AfD: Die AfD will die Mietpreisbremse abschaffen und den Wohnungsbestand ausweiten. Dies soll durch die Ausweisung neuer und die Optimierung bestehender Baugebiete, die Beschleunigung der Baurechtschaffung und eine Kostenverringerung durch die Beseitigung unnötiger Vorschriften geschehen. Wie genau, bleibt offen. Zur Eigentumsförderung sollen öffentliche Grundstücke zur Verfügung gestellt und genossenschaftliches Wohnen gefördert werden. Mieter mit geringem Einkommen sollen weiter Wohngeld erhalten. Zudem will die AfD die Grund- und Grunderwerbsteuer absenken.
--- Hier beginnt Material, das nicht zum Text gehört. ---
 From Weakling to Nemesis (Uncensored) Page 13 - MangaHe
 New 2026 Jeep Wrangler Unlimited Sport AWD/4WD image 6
FDP: Die FDP will die Mietpreisbremse abschaffen und setzt auf neue Anreize für den Wohnungsneubau. So soll eine Erhöhung der jährlichen Abschreibung für Gebäude von zwei auf drei Prozent eingeführt werden. Bei der Grunderwerbsteuer soll ein Freibetrag von bis zu 500.000 Euro eingeführt werden, um den Erwerb von Wohneigentum zu erleichtern. Die FDP will eine Zweckbindung der Bundesmittel zur Wohnungsbauförderung. Das Wohngeld soll der Mietenentwicklung jährlich angepasst werden. Die Berechtigung für eine Sozialwohnung (WBS) erhält nur noch, wer trotz Wohngeld keine Wohnung findet.